You don’t need a PH.D in Political Science to know that money matters in the plutocracy that is the United States, just look at the Republicans, then look at all of Democrats, not just the progressives—let’s not forget that it was at the behest of Democrats like Max Baucus that the public option was killed. Of course there are fringe political parties like the Green Party, but in the current political climate 3rd parties don’t really have a chance.
But between the debt ceiling fiasco and the failure of democrats to capitalize on Obama’s tenure in office, the cynicism once eroded by Obama’s eloquent speeches and campaign slogans of hope and change have once again re-surfaced. There are legitimate doubts and concerns over whether Democrats have completely departed from their core ideals. Even if the Democrats are truly committed to the 99 percent, right now they seem to lack enough political capital. The unfortunate reality is that in the aftermath of bailing out banks that are currently making record profits, with taxpayer dollars, and awarding unlimited corporate influence in public elections, thanks to the Citizens United Supreme Court ruling, the two-party political system in America is indeed too big to fail.
What does this have to do with Occupy Wall Street? If our current political system is too big to fail, and it is evidently failing, what happens next? The media has done a fantastic job at asking questions intended to invalidate the movement. Instead, they should ask more thoughtful questions: With an electoral system designed to both keep out radical voices and evade substantial reform can it really be a surprise that Occupy Wall Street has been able to appeal to such broad-based discontent? With an ineffectual government unresponsive to popular demand, yet seemingly obliged to the whims of the super-wealthy, hasn’t history taught us anything?

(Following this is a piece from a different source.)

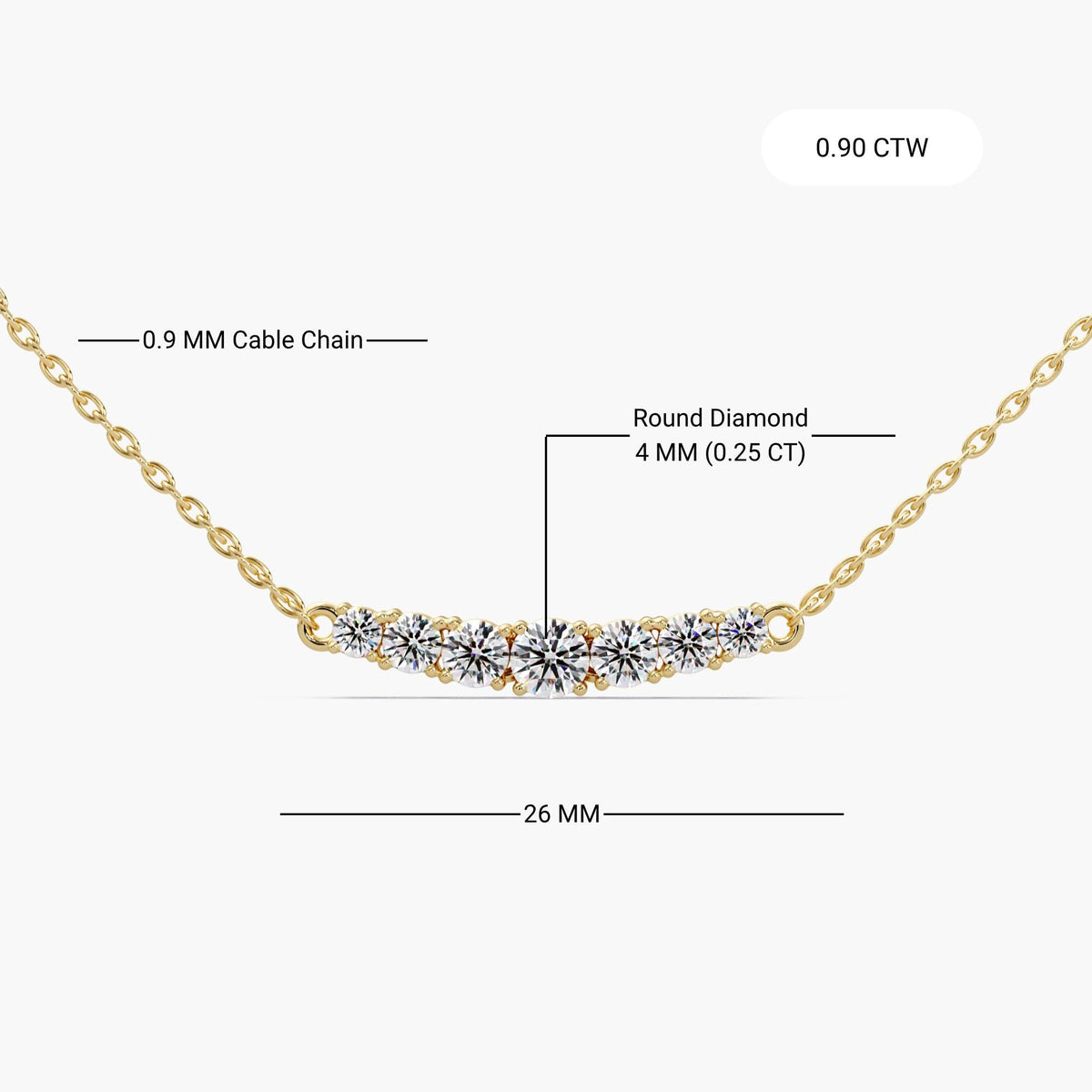 14k gold diamond bar necklace / round lab diamond bezel bar necklace / curved diamond bar necklace solid gold / dainty diamond bar layering necklace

Right now Occupy Wall Street is a motley crew. It ranges from anarchists keen on smashing the state and destroying neoliberalism once and for all to Ron Paul Libertarians that want to abolish the Federal Reserve. It consists of a variety of democratic socialists and a number of disillusioned progressives, and probably most accurately it includes a great deal of individuals that don’t necessarily identify with a party or rigid political ideology but are in agreement that the status quo is simply unsustainable. Personally, I think juvenile slogans like “attack the rich” are vapid and counterproductive; they distract from the larger picture at hand. Wall Street isn’t responsible for all of the world’s problems, but targeting Wall Street and identifying the movement as the 99 percent versus the 1 percent is an extraordinarily effective strategic tactic given a political climate ignorant and unreceptive to a growing demand for economic and social justice.
I can’t forecast the outcome of Occupy Wall Street or begin to predict the movement’s political consequences, but I can tell you that the mainstream media’s insistence on undermining the growing movement under some notion that they don’t have organization or specific demands simply belies the reality of what this movement is really about: A general consensus—that there is a need to change the political discourse in this country, and that this is not a nation of the 1 percent, by the 1 percent, for the 1 percent, but one that must stand for, represent, and champion the interests of ordinary people.